■ EXERCISE BRIEF
Exclude all pictures from your copy of the data below, which should otherwise match exactly.

BEGIN DATA RECORDS

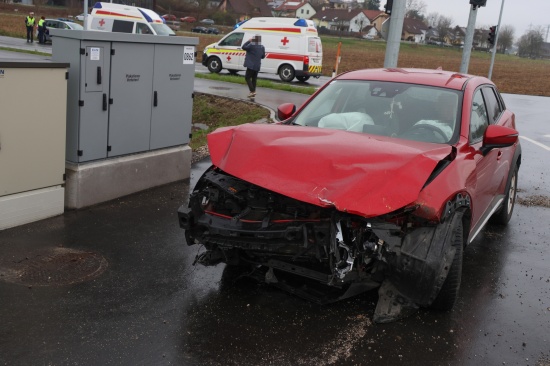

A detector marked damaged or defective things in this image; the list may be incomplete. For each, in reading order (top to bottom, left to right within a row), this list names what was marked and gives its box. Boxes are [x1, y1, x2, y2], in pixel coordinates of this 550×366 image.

damaged front bumper [180, 167, 462, 322]
crumpled car hood [207, 124, 452, 219]
red damaged car [179, 67, 524, 322]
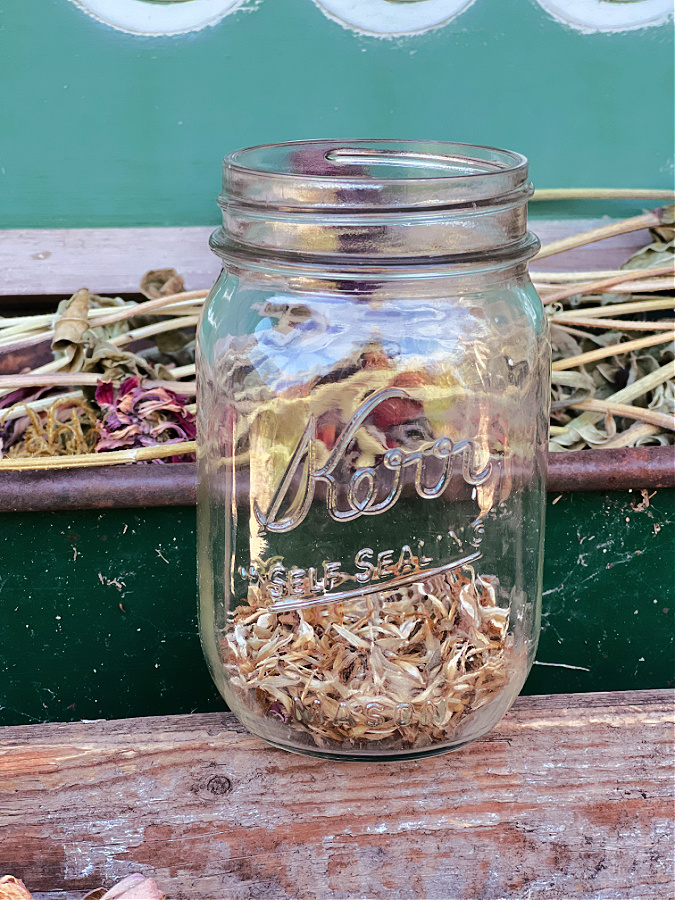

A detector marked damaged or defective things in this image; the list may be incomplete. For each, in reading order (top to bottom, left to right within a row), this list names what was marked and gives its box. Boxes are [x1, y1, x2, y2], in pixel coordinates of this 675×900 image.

chipped white paint [68, 0, 251, 36]
chipped white paint [312, 0, 480, 38]
chipped white paint [536, 0, 672, 34]
rusted tray edge [1, 444, 672, 510]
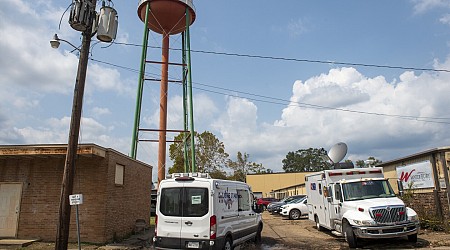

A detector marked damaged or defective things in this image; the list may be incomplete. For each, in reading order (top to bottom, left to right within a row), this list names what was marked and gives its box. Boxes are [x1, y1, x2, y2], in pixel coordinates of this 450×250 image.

rusty water tower tank [138, 0, 196, 34]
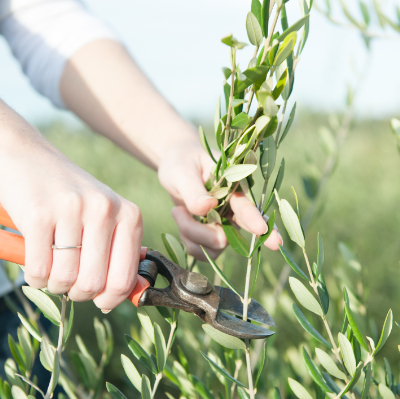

END DATA RECORDS

■ WRITTEN RESPONSE
A detector marked damaged or defective things in this image; the list may be incomplete. For each, in reading order (top to bottom, left to right within a row), this list names what was marked and gives its box. Boxes are [x1, y1, x2, y2], in pixel coordinates of this 550×366 image.

damaged front bumper [180, 167, 462, 322]
crumpled car hood [207, 124, 452, 219]
red damaged car [179, 67, 524, 322]

A detector marked damaged or defective things in this image; the list may be incomplete. For each, in reading order (top to bottom, left to right within a row), this list names what was marked and gives its box. Boxes are [x1, y1, x2, y2], in pixel coordinates of this 675×900 image.

chipped white paint [68, 0, 251, 36]
chipped white paint [312, 0, 480, 38]
chipped white paint [536, 0, 672, 34]
rusted tray edge [1, 444, 672, 510]

A detector marked damaged or defective things in this image; the list may be incomplete. For each, in reading order (top to bottom, left to right within a row), this list names what was marked and gives its box. Boxes are [x1, y1, x2, y2], in pixel coordinates of this 450×250 image.

rusty water tower tank [138, 0, 196, 34]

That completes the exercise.